[Scraped caption text data]
- Opening Delimiter -

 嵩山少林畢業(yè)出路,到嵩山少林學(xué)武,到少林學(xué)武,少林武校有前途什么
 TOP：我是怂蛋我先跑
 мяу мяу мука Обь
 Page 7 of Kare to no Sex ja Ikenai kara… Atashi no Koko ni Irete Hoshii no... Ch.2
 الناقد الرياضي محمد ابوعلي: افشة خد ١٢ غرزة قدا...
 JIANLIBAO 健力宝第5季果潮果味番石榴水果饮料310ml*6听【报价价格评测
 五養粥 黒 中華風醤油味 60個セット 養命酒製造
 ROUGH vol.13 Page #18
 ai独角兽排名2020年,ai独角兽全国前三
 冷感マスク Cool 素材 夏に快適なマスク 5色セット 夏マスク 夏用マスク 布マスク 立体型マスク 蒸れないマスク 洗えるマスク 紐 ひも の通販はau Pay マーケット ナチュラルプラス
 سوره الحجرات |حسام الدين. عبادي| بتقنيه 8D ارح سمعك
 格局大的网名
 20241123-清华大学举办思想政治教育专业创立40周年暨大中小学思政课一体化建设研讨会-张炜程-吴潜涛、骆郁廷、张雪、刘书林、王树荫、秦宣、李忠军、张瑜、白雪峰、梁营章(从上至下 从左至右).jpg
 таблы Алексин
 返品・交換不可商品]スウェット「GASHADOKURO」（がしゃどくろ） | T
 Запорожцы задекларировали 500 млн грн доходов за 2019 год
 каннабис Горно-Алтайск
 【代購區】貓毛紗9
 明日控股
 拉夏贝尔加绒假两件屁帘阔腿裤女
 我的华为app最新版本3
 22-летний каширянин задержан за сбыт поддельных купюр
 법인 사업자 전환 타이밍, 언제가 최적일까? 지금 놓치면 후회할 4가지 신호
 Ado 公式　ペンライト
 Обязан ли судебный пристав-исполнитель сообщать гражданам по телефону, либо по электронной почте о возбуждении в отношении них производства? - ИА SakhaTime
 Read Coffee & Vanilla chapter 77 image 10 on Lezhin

- Closing Delimiter -

▶ _How to complete this task_
Take the lines from the one containing "JIANLIBAO 健力宝第" through the final line of the entries above, and set them down exactly, with nothing added.

▶ _Output_
 JIANLIBAO 健力宝第5季果潮果味番石榴水果饮料310ml*6听【报价价格评测
 五養粥 黒 中華風醤油味 60個セット 養命酒製造
 ROUGH vol.13 Page #18
 ai独角兽排名2020年,ai独角兽全国前三
 冷感マスク Cool 素材 夏に快適なマスク 5色セット 夏マスク 夏用マスク 布マスク 立体型マスク 蒸れないマスク 洗えるマスク 紐 ひも の通販はau Pay マーケット ナチュラルプラス
 سوره الحجرات |حسام الدين. عبادي| بتقنيه 8D ارح سمعك
 格局大的网名
 20241123-清华大学举办思想政治教育专业创立40周年暨大中小学思政课一体化建设研讨会-张炜程-吴潜涛、骆郁廷、张雪、刘书林、王树荫、秦宣、李忠军、张瑜、白雪峰、梁营章(从上至下 从左至右).jpg
 таблы Алексин
 返品・交換不可商品]スウェット「GASHADOKURO」（がしゃどくろ） | T
 Запорожцы задекларировали 500 млн грн доходов за 2019 год
 каннабис Горно-Алтайск
 【代購區】貓毛紗9
 明日控股
 拉夏贝尔加绒假两件屁帘阔腿裤女
 我的华为app最新版本3
 22-летний каширянин задержан за сбыт поддельных купюр
 법인 사업자 전환 타이밍, 언제가 최적일까? 지금 놓치면 후회할 4가지 신호
 Ado 公式　ペンライト
 Обязан ли судебный пристав-исполнитель сообщать гражданам по телефону, либо по электронной почте о возбуждении в отношении них производства? - ИА SakhaTime
 Read Coffee & Vanilla chapter 77 image 10 on Lezhin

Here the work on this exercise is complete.